Steps 4 - 10 are tightly coupled with the database or with the infrastructure around the database.

Schema change and Vitess

Vitess solves or automates multiple parts of the flow:

Formalize

In managed, online schema changes the user supplies a valid SQL ALTER TABLE statement, and Vitess schedules and runs the migration, based on a specified strategy.

In addition, vitess strategy migrations offer declarative changes, where the user only needs to supply the desired CREATE TABLE or DROP TABLE statements, and Vitess computes the correct migration needed.

Locate

For a given table in a given keyspace, Vitess knows at all times:

  • In which shards (MySQL clusters) the table is found
  • Which is the primary server per shard.

When using either managed schema changes, or direct schema changes via vtctldclient or vtgate, Vitess resolves the discovery of the affected servers automatically, and this is hidden from the user.

Schedule

In managed, online schema changes, Vitess owns and tracks all pending and active migrations. Vitess schedules migrations to run, either sequentially or, where possible, concurrently.

Execute

In managed, online schema changes, Vitess owns the execution of vitess, gh-ost or pt-online-schema-change migrations. While these run in the background, Vitess keeps track of the migration state.

In direct schema changes via vtctldclient or vtgate, Vitess issues a synchronous ALTER TABLE statement on the relevant shards.

Audit/control

In managed, online schema changes, Vitess keeps track of the state of the migration. It automatically detects when the migration is complete or has failed. It will detect failure even if the tablet itself, which is running the migration, fails. Vitess allows the user to cancel a migration. If such a migration is queued by the scheduler, then it is unqueued. If it’s already running, it is interrupted and aborted. Vitess allows the user to check on a migration status across the relevant shards.

Cut-over/complete

By default, Vitess runs automated cut-overs. The migration will complete as soon as it’s able to. Optionally, the user may request to postpone the migration’s completion until an explicit COMPLETE command is given.

Cleanup

Vitess automatically garbage-collects the “old” tables, artifacts of vitess, gh-ost and pt-online-schema-change migrations.
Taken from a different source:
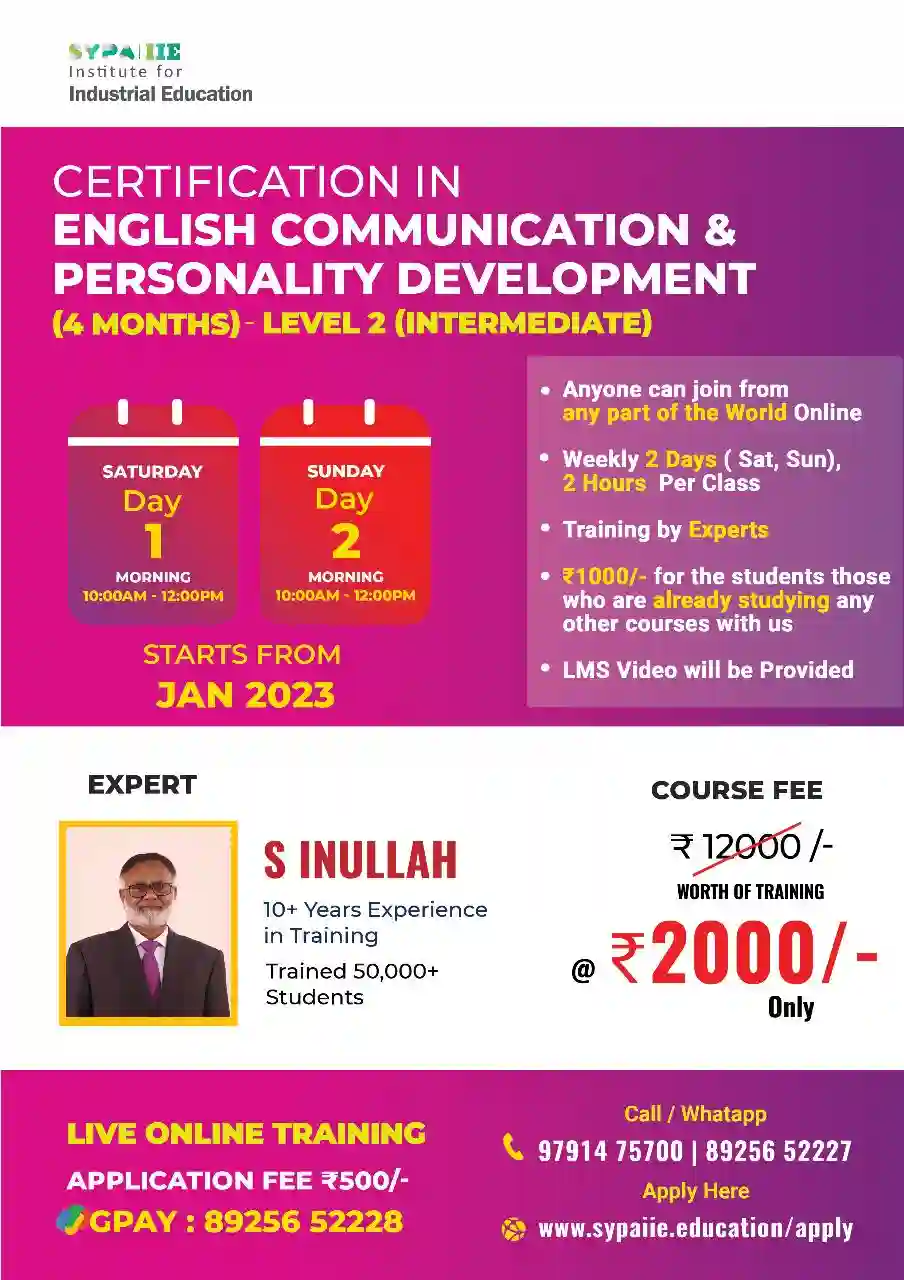 Certificate in English Communication & Personality Development - Level-2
It drops those tables in an incremental, non blocking method.

In the case of managed, online schema changes via pt-online-schema-change, Vitess will ensure to drop the triggers in case the tool failed to do so for whatever reason.

The various approaches

Vitess allows a variety of approaches to schema changes, from fully automated to fully owned by the user.

  • Managed, online schema changes are the preferred approach in Vitess .
  • Direct, blocking ALTERs are generally impractical in production given that they can block writes for substantial lengths of time.
  • User controlled migrations are allowed, and under the user’s responsibility.

See breakdown in managed, online schema changes and in unmanaged schema changes.